Gammoudi first came to international attention at the 1963 Mediterranean Games in Naples, where he won the 5,000 m and 10,000 m. and repeated the feat in the 1967 Games. Despite those achievements, Gammoudi was still virtually unknown when he arrived at the Tokyo Olympic Games. The favourite, world record holder Ron Clarke from Australia, ensured a fast tempo throughout the race. With one lap remaining, Clarke had dropped all his main rivals, except Gammoudi and Billy Mills from United States. Coming into the home straight, Mills, Clark and Gammoudi exchanged leads. With 50 m to go, Gammoudi had the lead, until Mills swept past Gammoudi to win the gold medal. Two days later, Gammoudi won his heat in the 5000 m, but for reasons never fully explained, he withdrew from the final.

Gammoudi won the British AAA Championships title in the 6 miles event at the 1965 AAA Championships and 1967 AAA Championships.
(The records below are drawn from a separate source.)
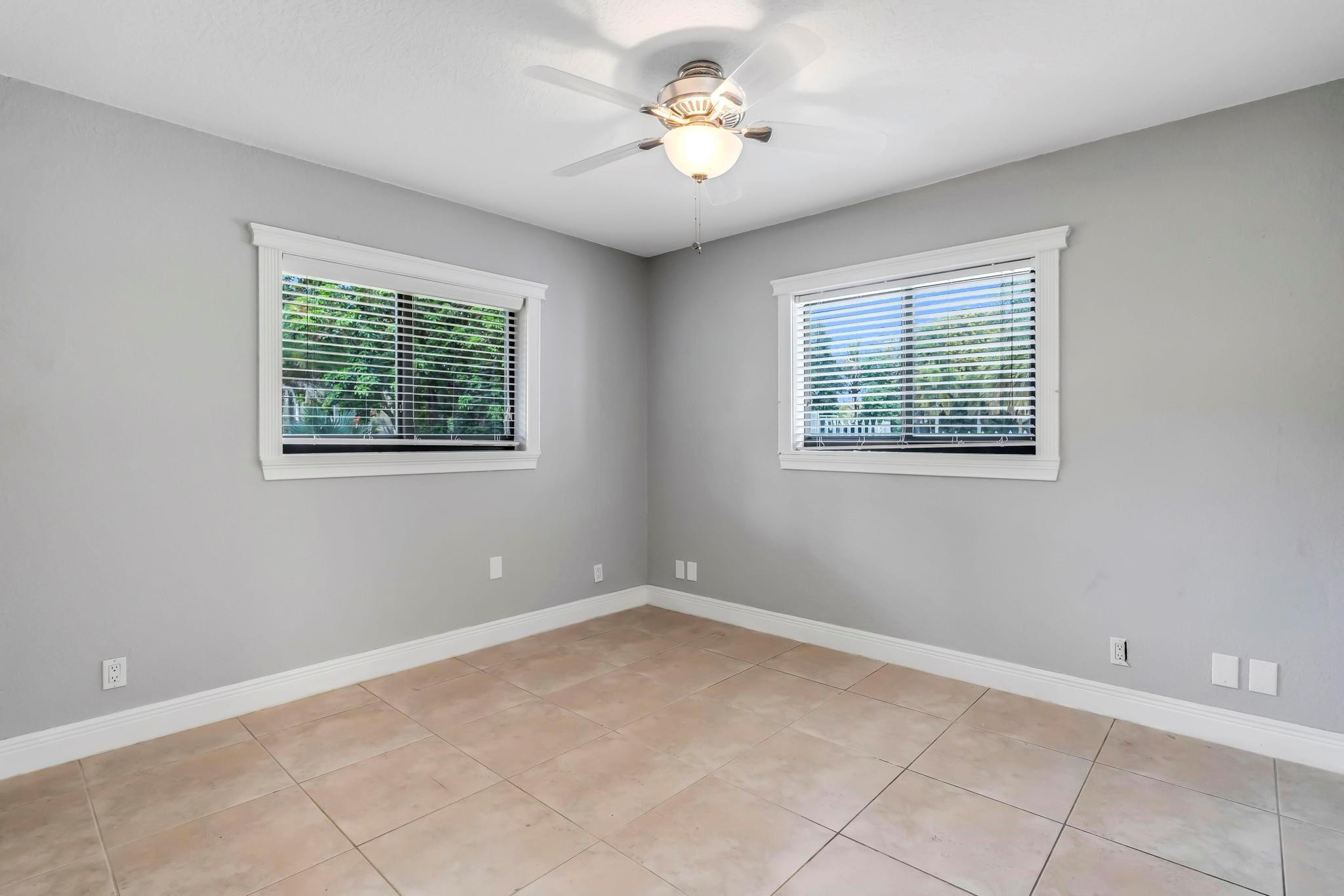 Chambers Sub Sw1/4 1-5b B - Residential Lease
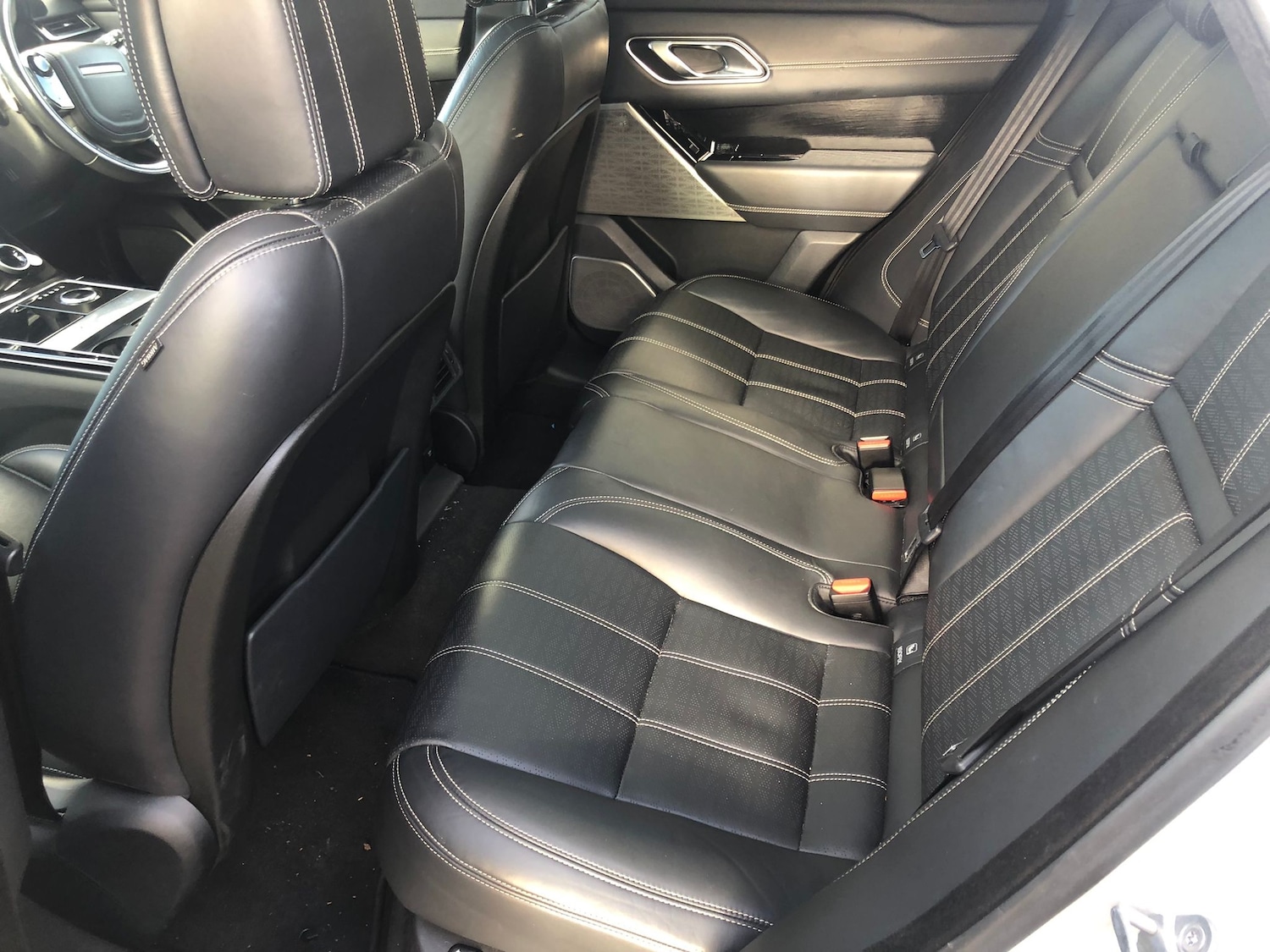 Used Land Rover Range Rover Velar 2017 for sale - 77341047: Photo 8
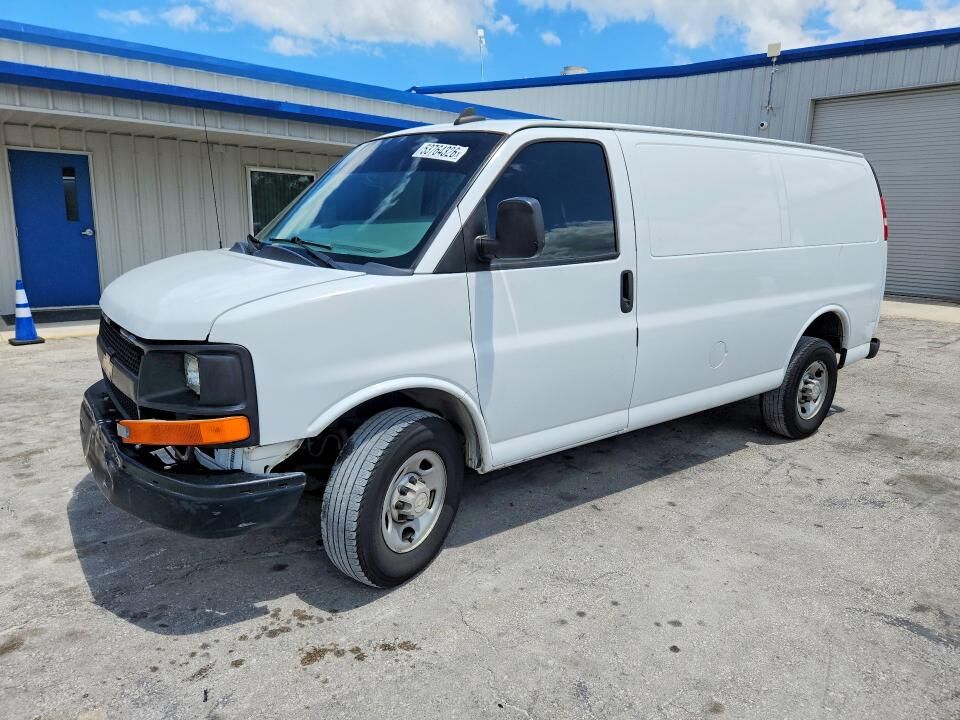 2017 CHEVROLET Express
===1967 Mediterranean Games and 1968 Olympics===

Gammoudi successfully defended his 5000 m and 10 000 m titles at the Mediterranean Games in Tunis in 1967, and was one of the favourites at the Mexico Olympics. In the 10,000 m final in Mexico, Gammoudi was in the leading group throughout the race. The group had been reduced to three by the bell lap. Naftali Temu from Kenya, who won in 29:27.4 and Mamo Wolde from Ethiopia 29:28, sprinted the last lap, outrunning Gammoudi, leaving him at 29:34, with the bronze medal. Two days later, Gammoudi qualified for the 5000 m final. In the final, three runners were in contention at the bell lap, with Gammoudi leading Temu and another Kenyan, Kip Keino. The last lap was fast pace, and although the two Kenyans gave charge, Gammoudi held on to the lead, winning the gold medal.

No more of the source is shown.